JG Your work reflects on a collective set of psychological states that have to do with the history of image production. The function that Marilyn Monroe or Muhammad Ali has in the present is as an element of our past.

PP Well, certainly the Long Count pieces trace the history of the medium through the three fights of Muhammad Ali. These are very important fights at the beginning, middle and toward the end of Ali’s career—Clay versus Liston, in Miami in 1964; Ali versus Foreman, in Kinshasa in 1974; and Ali versus Frazier, in Manila in 1975. What drew me to the images of those fights was really that history. These were some of the first sporting events formatted for television. The Rumble in the Jungle, Ali versus Foreman, was one of the very first attempts at a live, global broadcast, and it happens to have originated in Africa. Those three fights are sold today as a boxed set by HBO, so they exist in the archive already as a prepackaged statement.

JG Tell me about the significance of the three locations: the US, Zaire, and the Philippines.

PP Yes, that’s very interesting. To be honest, the three fights really came to me as a found object. I happen to have grown up in the Philippines. To this day, when people hear about me, “born in Hawaii,” “raised in the Philippines” and “went to high school on a Navajo reservation,” they tend to respond with “Wow, a perfect multicultural upbringing.” Yet it makes sense to me in a very different way. Those pieces trace a trajectory of colonial outposts. My parents were teachers who moved around with money from the Methodist Church, so it wasn’t arbitrary that I ended up in those places. There certainly was a logic to it. And the logic had less to do with multicultural ideals than with the history of colonialism. I think that the selection of fight sites is probably a very similar thing.

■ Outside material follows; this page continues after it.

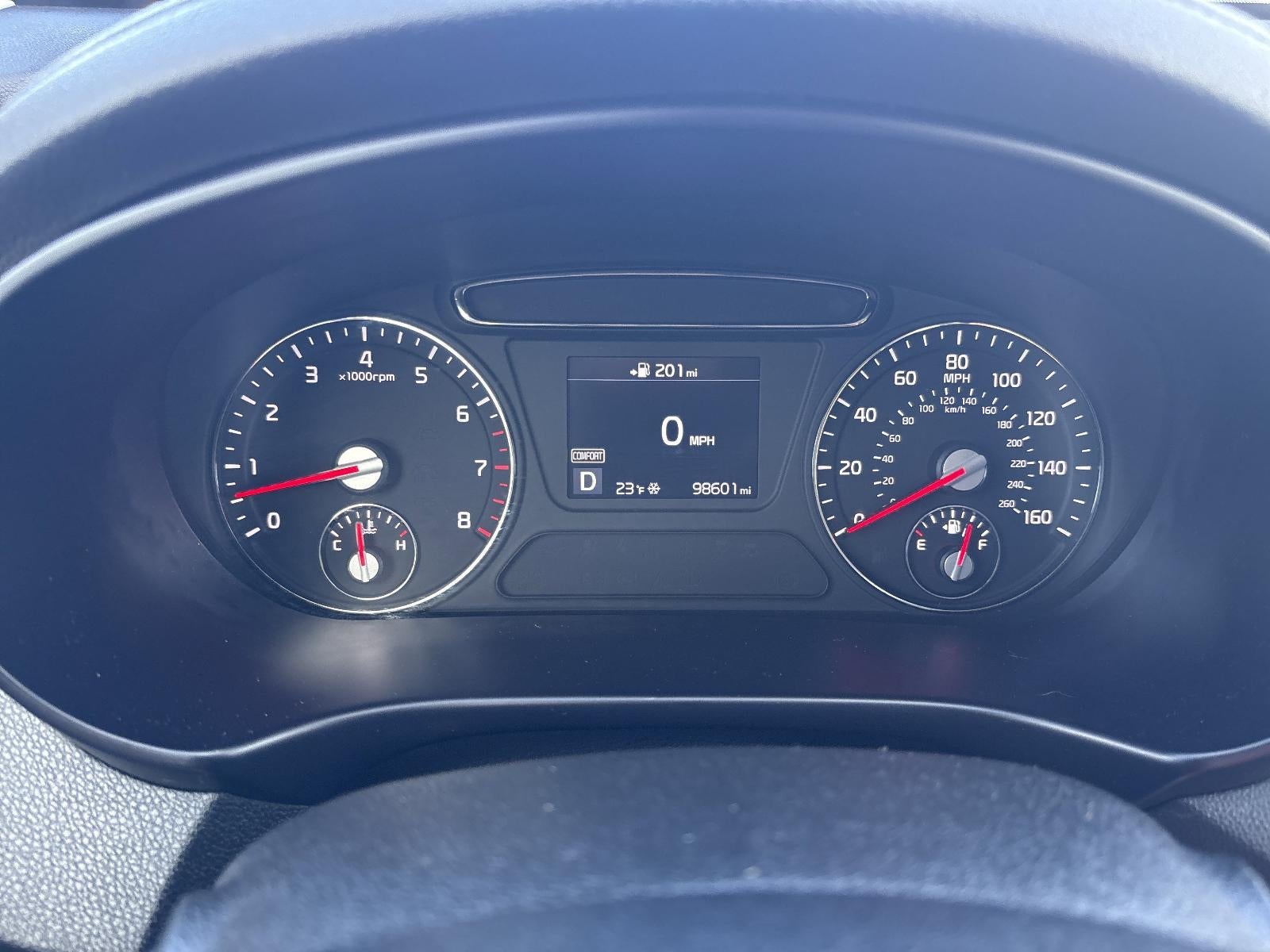 2019 Kia Sorento LX V6 AWD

JG It seems to me that your choice of the boxing ring as subject matter also can’t be arbitrary, given that it is a condition of struggle that you are interested in raising around the location of colonialism.

PP Sure.

JG In that sense I think about struggle when I see The Long Count as much as I think about the history of boxing or particular iconic figures. The erasure of the subjects also allows me to insert other subjects.

PP What I see in the footage of Ali’s fights is a body attempting to operate in an intense perceptual condition: bright lights, screaming crowds, popping flashbulbs. The pressure is intense. The boxer is there, practically naked, with everything written on his body, everything depending on his body. To me, being there, living inside the spectacle or inside the arena, in this moment of perceptual overload, is the archetypal seed of current times. I am really fascinated by how athletes manage to function in that situation, partially because I know it’s really about training all your faculties.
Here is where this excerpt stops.